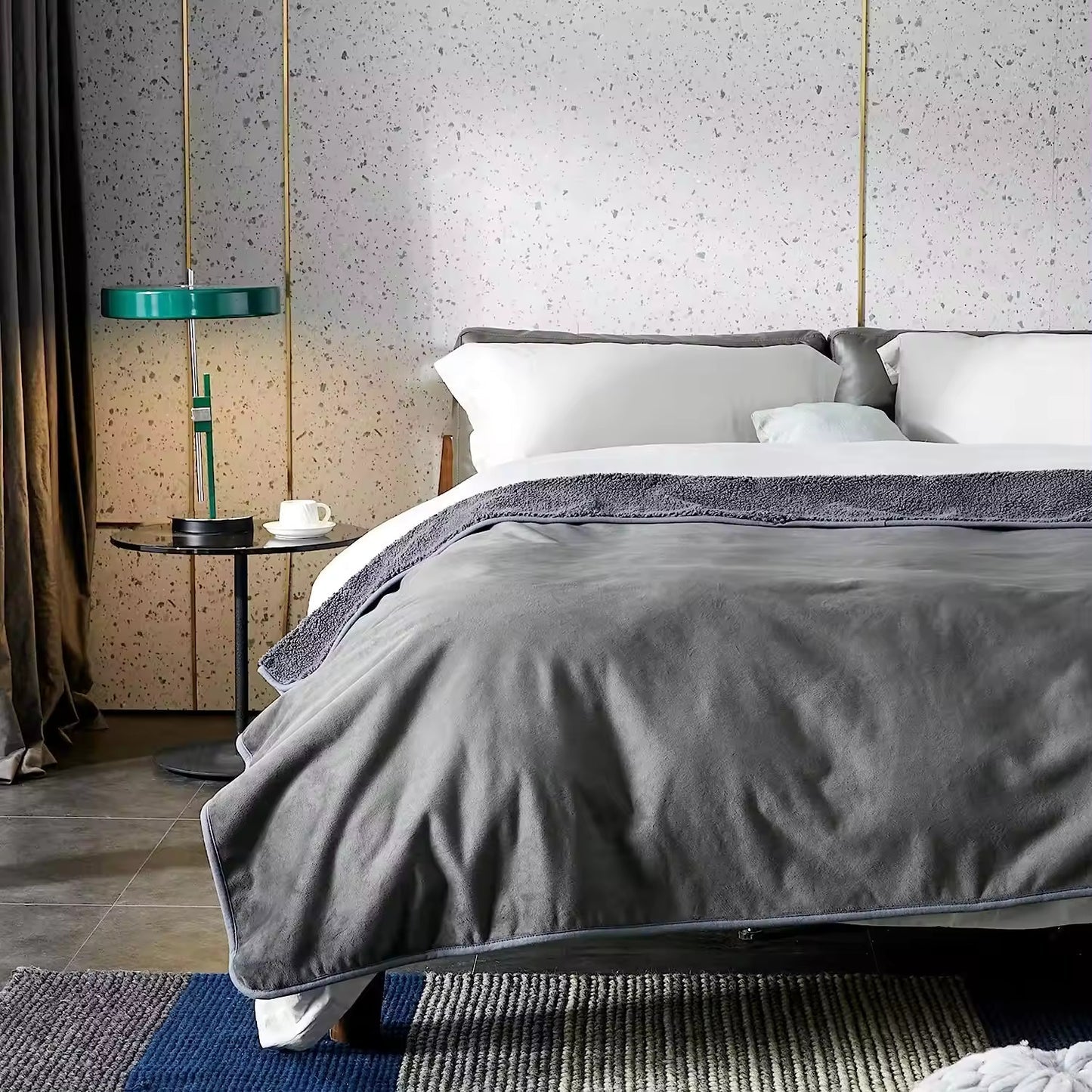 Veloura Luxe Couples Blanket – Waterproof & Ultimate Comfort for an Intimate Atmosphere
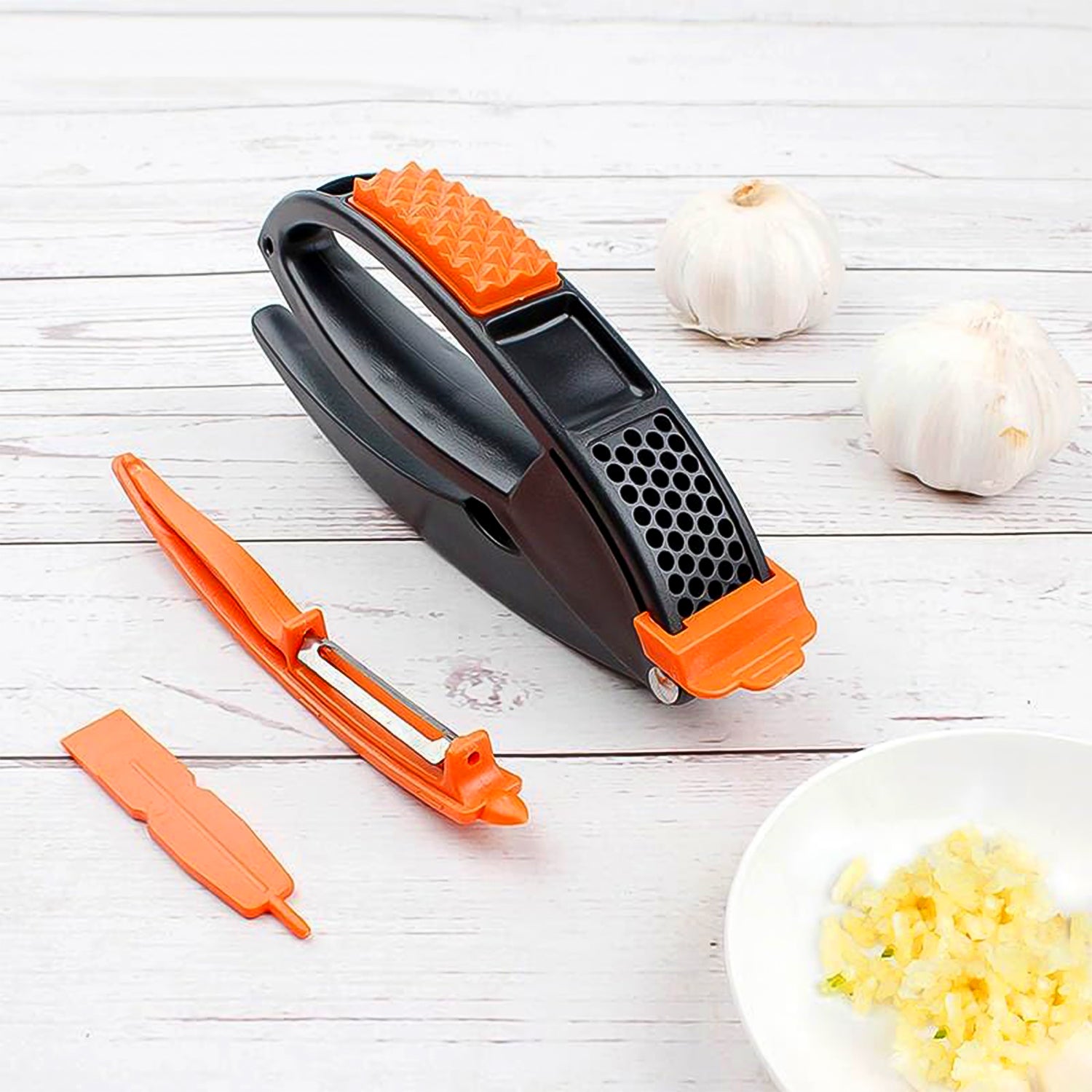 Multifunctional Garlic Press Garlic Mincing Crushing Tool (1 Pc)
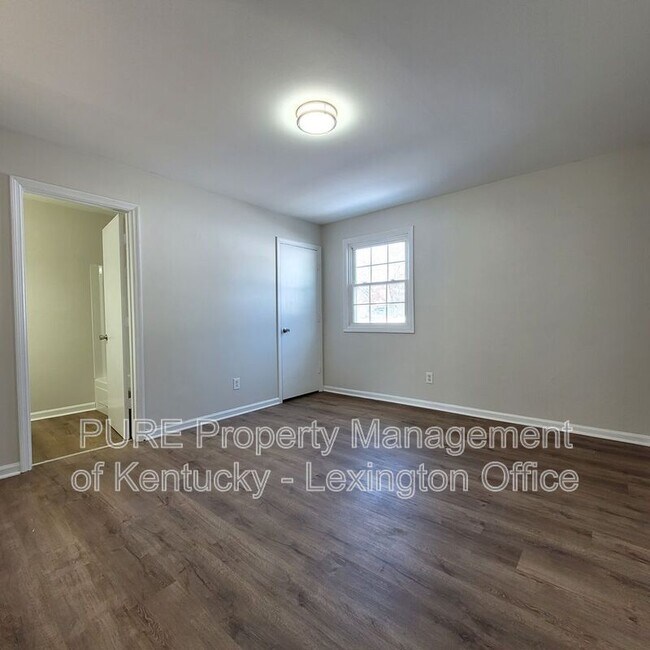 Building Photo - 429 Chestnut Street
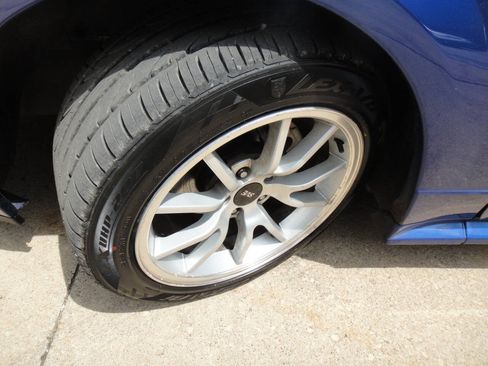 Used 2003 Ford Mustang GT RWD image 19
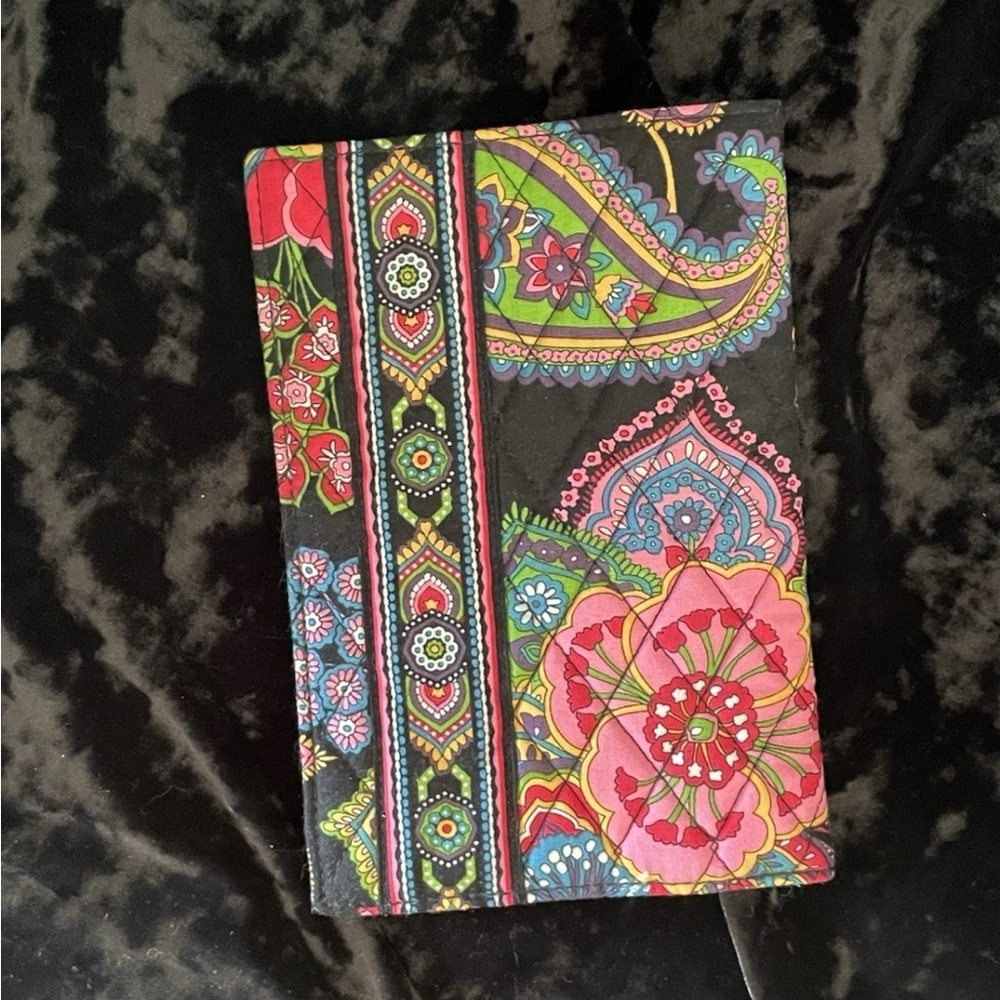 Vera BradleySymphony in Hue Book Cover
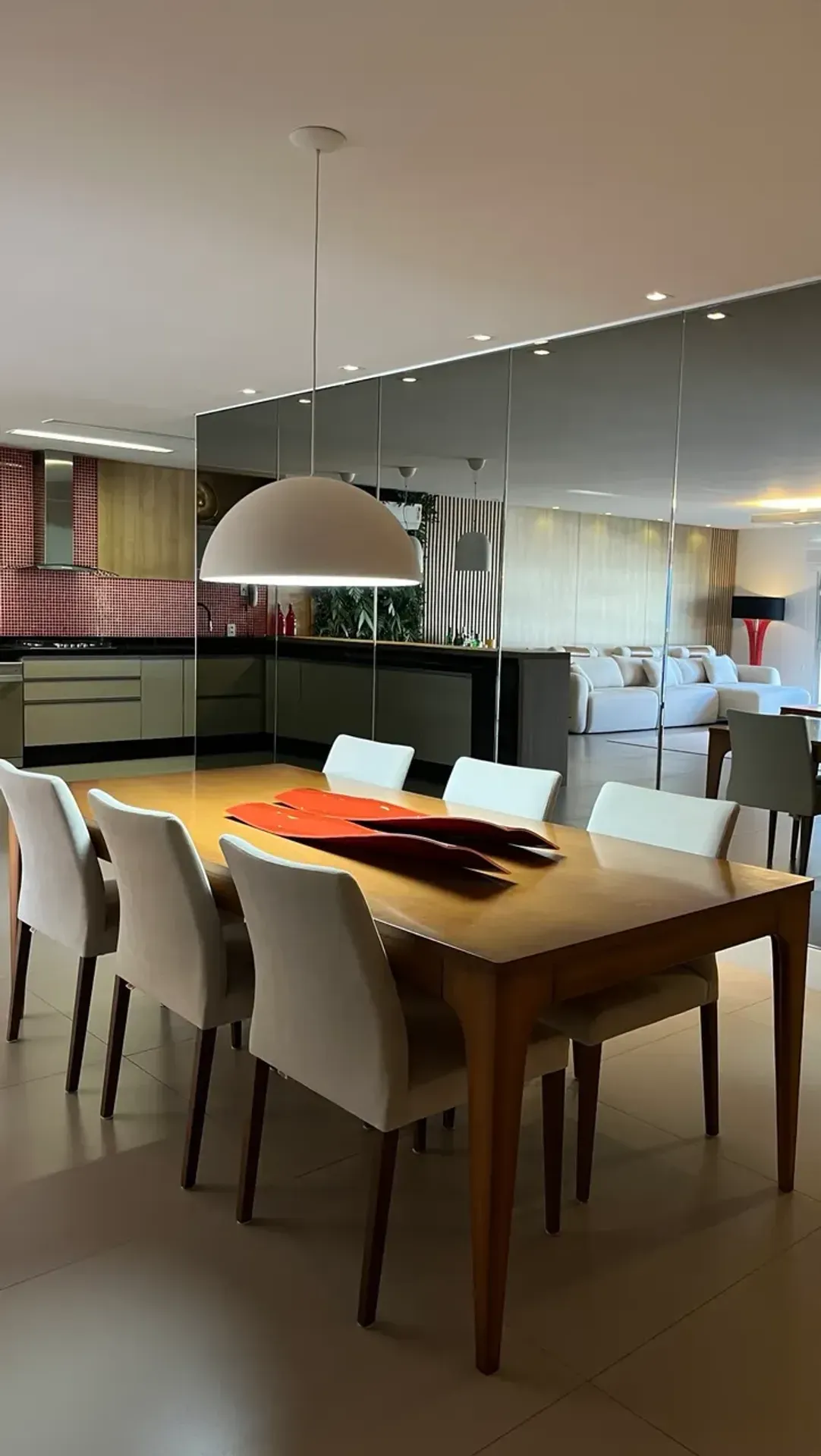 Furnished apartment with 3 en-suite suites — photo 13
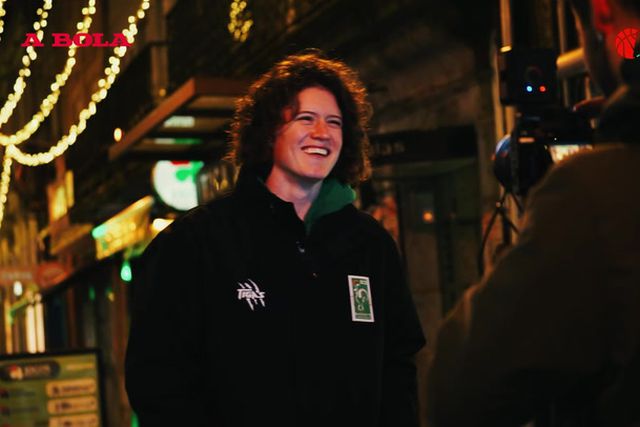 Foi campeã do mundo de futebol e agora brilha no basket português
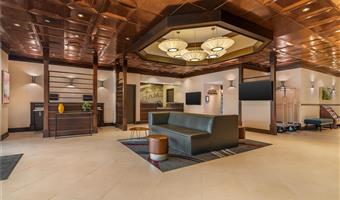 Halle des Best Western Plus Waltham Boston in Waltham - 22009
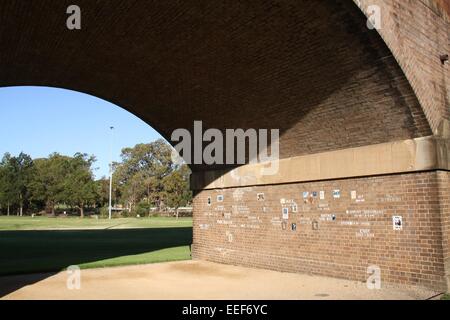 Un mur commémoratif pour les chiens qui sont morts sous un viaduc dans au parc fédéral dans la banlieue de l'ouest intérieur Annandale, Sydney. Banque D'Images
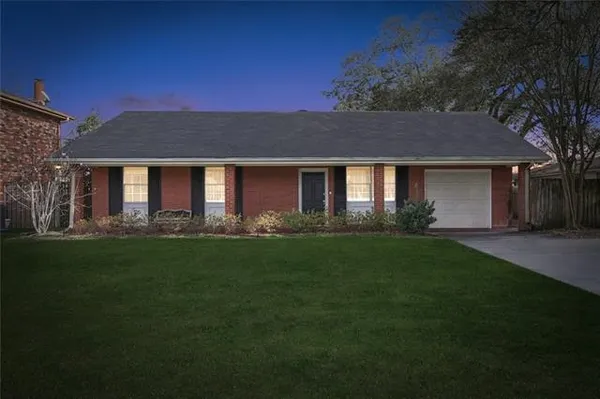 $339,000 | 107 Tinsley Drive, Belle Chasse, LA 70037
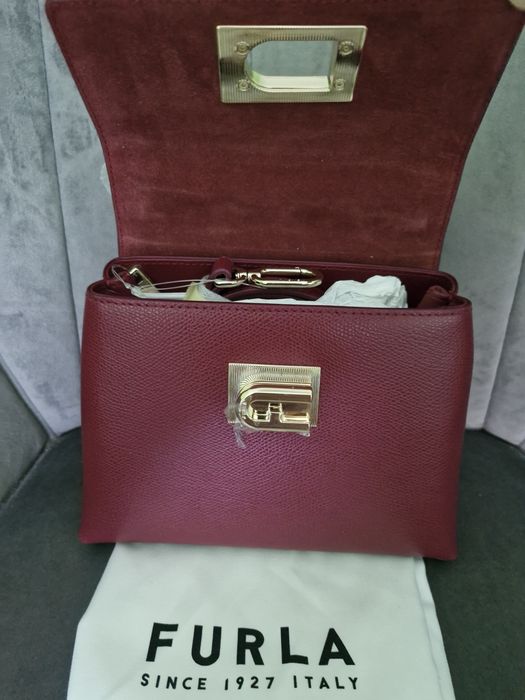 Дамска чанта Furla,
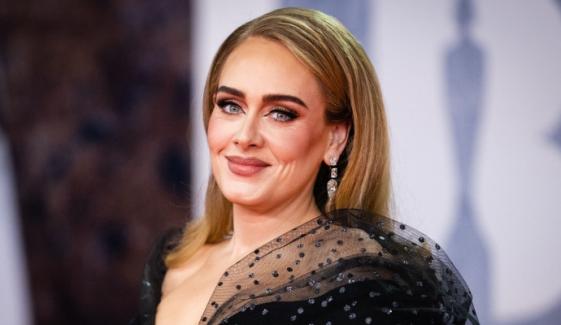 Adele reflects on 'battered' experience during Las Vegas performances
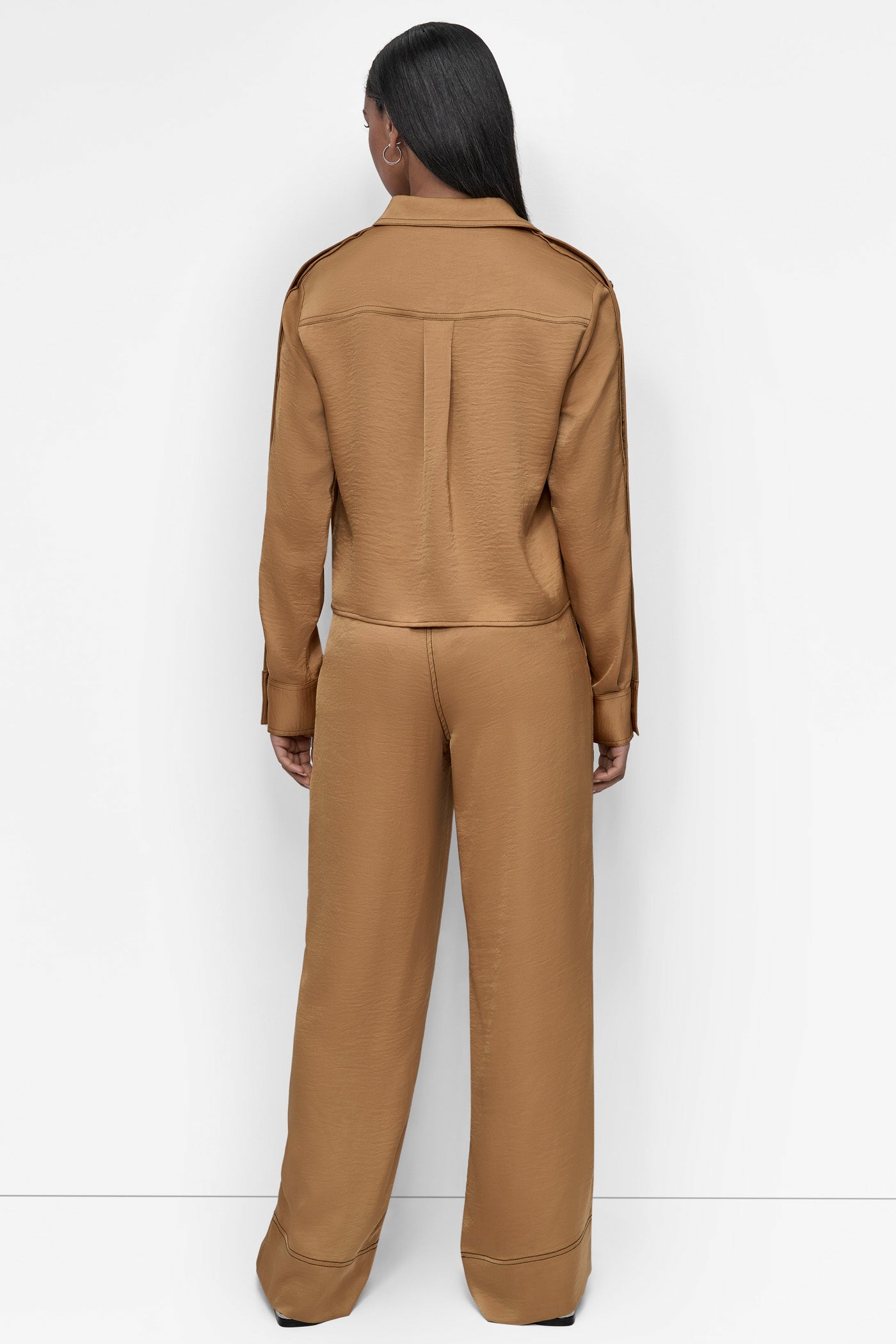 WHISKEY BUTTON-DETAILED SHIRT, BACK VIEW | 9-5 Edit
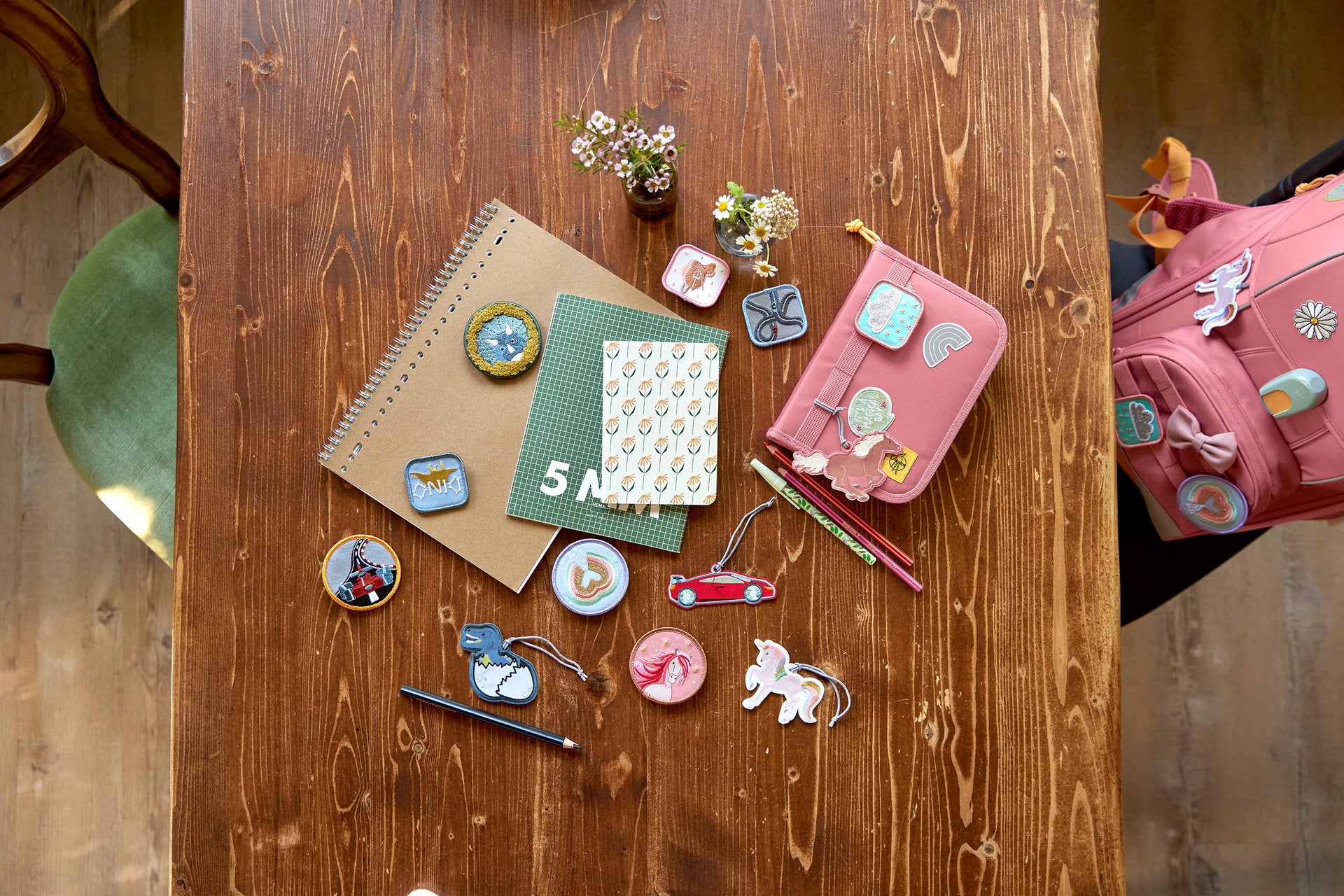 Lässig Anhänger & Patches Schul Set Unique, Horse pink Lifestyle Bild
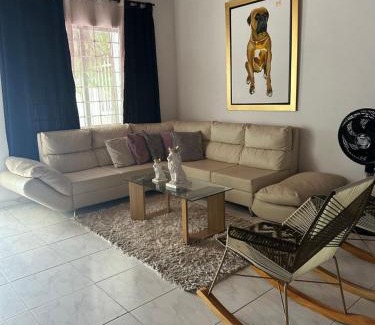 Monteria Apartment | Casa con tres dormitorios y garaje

------------------------------------------------

→ About this exercise
Starting at the line with "Chasse, LA 70037" and finishing at the line with "WHISKEY BUTTON-DETAILED SHIRT, BACK", copy the material above exactly, both lines included. Nothing else goes in, and no pictures.

→ Answer box
 $339,000 | 107 Tinsley Drive, Belle Chasse, LA 70037
 Дамска чанта Furla,
 Adele reflects on 'battered' experience during Las Vegas performances
 WHISKEY BUTTON-DETAILED SHIRT, BACK VIEW | 9-5 Edit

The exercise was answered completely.